Era una de las mujeres que estaban antes bebiendo en la taberna.
– ¿Por qué no lo mataste? -silbó ella entre dientes, acercando su cara desencajada ala de él -. Comprendí que le seguías cuando saliste corriendo. ¡Idiota! Deberías haberle matado. Es rico, y más malo que la tiña.
-No es el hombre que yo buscaba -replicó él -, y no necesito el dinero de nadie. ¡La vida de un hombre es lo que necesito! Pero el hombre que yo busco debe andar cerca de los cuarenta, y éste casi es un niño. A Dios gracias, no he llegado a mancharme las manos con su sangre.
La mujer rió amargamente.

– ¡Casi un niño! -exclamó con una risita sardónica -. ¡Sí, sí! ¡Pronto hará dieciocho años que el Príncipe me convirtió en lo que soy ahora!
– ¡Mientes! -rugió James Vane. Ella levantó hacia el ciclo las manos, y gritó: – ¡Juro ante Dios que digo la verdad! – ¿Ante Dios?
– ¡Que me deje muda si miento! ¡Es el más infame de los seres que vienen aquí! ¡Dicen que ha hecho un pacto con el diablo para conservar su hermosura! Pronto hará dieciocho años que le conocí, y está casi lo mismo que entonces. ¡En cambio, yo!… -añadió con una mirada de tristeza.

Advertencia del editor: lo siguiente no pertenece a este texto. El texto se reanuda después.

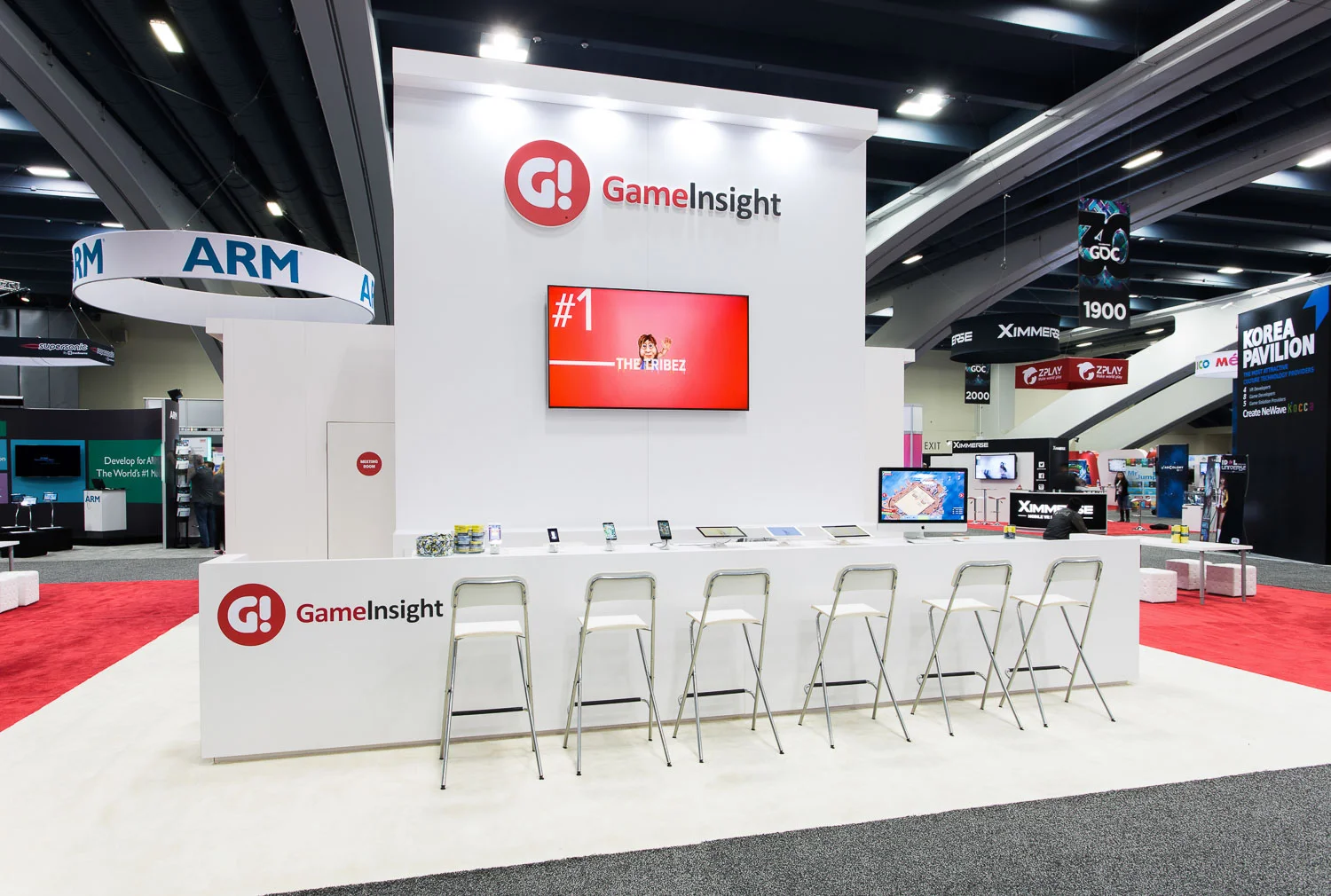 GDC-Trade Show-GameINsight-1.jpg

– ¿Lo juras? -Lo juro -profirieron roncamente los labios sumidos de la mujer-. Pero no vayas a delatarme a él -gimió -. Le tengo miedo… Dame algo para pasar la noche…

James Vane se separó de ella con una blasfemia, y echó a correr hacia la esquina próxima; pero ya Dorian Gray no estaba a la vista. Al volverse, vio que la mujer también había desaparecido.